A tall order! Especially since the building will have to go through the Historic Preservation Review Board, which isn’t over-friendly to bold, iconic structures—-temporary or not. It’ll have to abide by the master plan design guidelines, and it’s supposed to go right up against Martin Luther King Jr. Avenue, about which the Board has been particularly sensitive.
Still, there’s a solid business case for an operator to set up some kind of presence in the new pavilion. The 4,400 employees of the new Coast Guard headquarters across the street will have only one cafeteria for all their lunchtime needs when they relocate across the street next year, which could at least generate traffic on workdays. A critical mass of eateries could attract people from nearby and across the city, with a Green Line Metro station within walking distance. And the District is prepared to offer them the space for little to no rent, taking much of the risk out of the equation.

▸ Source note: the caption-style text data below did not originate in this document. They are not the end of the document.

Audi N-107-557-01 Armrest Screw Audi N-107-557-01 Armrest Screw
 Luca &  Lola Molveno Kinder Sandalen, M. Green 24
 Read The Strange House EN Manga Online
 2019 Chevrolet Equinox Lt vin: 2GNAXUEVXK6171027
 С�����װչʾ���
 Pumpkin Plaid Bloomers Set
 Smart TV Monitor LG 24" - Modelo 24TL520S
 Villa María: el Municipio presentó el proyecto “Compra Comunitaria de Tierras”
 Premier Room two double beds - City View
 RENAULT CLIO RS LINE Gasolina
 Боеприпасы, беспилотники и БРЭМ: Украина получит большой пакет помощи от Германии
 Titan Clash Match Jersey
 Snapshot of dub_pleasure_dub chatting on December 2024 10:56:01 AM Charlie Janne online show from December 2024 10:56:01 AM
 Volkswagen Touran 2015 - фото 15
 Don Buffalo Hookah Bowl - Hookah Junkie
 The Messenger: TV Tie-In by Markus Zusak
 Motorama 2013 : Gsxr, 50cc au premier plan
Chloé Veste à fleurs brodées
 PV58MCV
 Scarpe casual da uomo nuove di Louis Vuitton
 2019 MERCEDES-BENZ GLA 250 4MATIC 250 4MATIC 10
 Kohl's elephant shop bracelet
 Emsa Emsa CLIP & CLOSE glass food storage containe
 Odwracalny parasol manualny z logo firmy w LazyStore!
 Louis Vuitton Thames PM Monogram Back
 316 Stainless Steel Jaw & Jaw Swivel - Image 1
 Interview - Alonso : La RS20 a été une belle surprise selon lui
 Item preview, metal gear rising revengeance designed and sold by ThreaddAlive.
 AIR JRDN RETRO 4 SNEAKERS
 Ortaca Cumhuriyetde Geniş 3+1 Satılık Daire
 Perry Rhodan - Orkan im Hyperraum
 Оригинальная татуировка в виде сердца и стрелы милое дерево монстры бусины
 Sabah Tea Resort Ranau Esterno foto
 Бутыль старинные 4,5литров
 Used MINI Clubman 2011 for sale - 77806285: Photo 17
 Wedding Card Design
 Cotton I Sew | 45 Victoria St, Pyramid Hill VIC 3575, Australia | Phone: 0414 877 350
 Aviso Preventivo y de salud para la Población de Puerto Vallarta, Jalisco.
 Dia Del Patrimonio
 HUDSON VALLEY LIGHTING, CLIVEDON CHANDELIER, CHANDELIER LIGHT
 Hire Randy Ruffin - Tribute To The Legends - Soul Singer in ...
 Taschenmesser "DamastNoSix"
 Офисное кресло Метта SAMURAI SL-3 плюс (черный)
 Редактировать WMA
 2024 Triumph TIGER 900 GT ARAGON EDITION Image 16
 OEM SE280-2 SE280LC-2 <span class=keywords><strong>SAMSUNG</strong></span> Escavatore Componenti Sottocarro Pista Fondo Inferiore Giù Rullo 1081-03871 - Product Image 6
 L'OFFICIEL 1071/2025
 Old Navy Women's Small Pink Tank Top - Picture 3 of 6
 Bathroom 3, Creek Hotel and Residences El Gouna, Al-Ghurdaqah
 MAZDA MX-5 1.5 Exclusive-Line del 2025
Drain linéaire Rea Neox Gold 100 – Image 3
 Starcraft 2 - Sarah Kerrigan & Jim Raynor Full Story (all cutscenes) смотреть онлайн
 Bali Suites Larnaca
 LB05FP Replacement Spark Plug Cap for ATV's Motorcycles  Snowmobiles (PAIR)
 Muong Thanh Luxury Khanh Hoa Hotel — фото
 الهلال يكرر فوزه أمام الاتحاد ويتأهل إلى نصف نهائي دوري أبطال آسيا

Why spend the money to build a super-special food court that’s only supposed to last two to five years? In large part, the city wants to take the time between now and when the rest of the campus gets developed to make St. Elizabeths, which has never before been exactly open to the public, a place where people hang out. (It sounds like a very Harriet Tregoning-ish idea, but the DMPED people assure me that their boss Victor Hoskins and Mayor Vince Gray actually came up with it).
There is one potential drawback to success: This whiz-bang structure could absorb what little amount of energy exists for restaurants to enter Ward 8, leaving neighborhood commercial corridors still dormant. But one might easily respond that this is a uniquely appealing proposition for restaurants that wouldn’t otherwise come east of the river at all, so it won’t be sapping energy so much as changing perceptions—-like a longer-term Lumen8Anacostia.
Then if it does work out, of course, there’s the problem of of taking it away.